Data items
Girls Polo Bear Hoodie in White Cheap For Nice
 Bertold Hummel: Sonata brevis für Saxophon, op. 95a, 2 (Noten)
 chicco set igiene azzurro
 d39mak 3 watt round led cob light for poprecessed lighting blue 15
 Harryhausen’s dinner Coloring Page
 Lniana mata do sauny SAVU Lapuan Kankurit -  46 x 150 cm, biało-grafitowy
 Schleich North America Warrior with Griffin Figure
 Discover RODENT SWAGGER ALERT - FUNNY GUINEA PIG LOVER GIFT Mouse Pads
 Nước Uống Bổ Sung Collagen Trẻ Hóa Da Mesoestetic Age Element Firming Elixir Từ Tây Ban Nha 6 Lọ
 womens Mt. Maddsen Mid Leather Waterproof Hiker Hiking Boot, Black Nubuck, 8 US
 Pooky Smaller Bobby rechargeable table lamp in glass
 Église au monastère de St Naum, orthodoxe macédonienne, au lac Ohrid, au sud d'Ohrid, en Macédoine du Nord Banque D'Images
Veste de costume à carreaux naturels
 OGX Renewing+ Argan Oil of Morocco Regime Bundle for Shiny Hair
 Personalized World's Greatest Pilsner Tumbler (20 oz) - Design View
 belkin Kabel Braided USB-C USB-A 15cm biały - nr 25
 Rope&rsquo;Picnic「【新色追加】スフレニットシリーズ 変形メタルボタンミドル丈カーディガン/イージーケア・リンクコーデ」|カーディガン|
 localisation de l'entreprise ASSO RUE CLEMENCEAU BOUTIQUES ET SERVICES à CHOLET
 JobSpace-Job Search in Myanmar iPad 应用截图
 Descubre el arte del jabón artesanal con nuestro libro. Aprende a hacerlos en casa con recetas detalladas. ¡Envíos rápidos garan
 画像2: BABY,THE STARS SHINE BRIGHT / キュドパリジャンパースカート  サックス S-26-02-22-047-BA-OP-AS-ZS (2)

YOUR ASSIGNMENT:
Repeat the entries above exactly, from the first line through the line containing "Lniana mata do".

FINISHED EXERCISE:
Girls Polo Bear Hoodie in White Cheap For Nice
 Bertold Hummel: Sonata brevis für Saxophon, op. 95a, 2 (Noten)
 chicco set igiene azzurro
 d39mak 3 watt round led cob light for poprecessed lighting blue 15
 Harryhausen’s dinner Coloring Page
 Lniana mata do sauny SAVU Lapuan Kankurit -  46 x 150 cm, biało-grafitowy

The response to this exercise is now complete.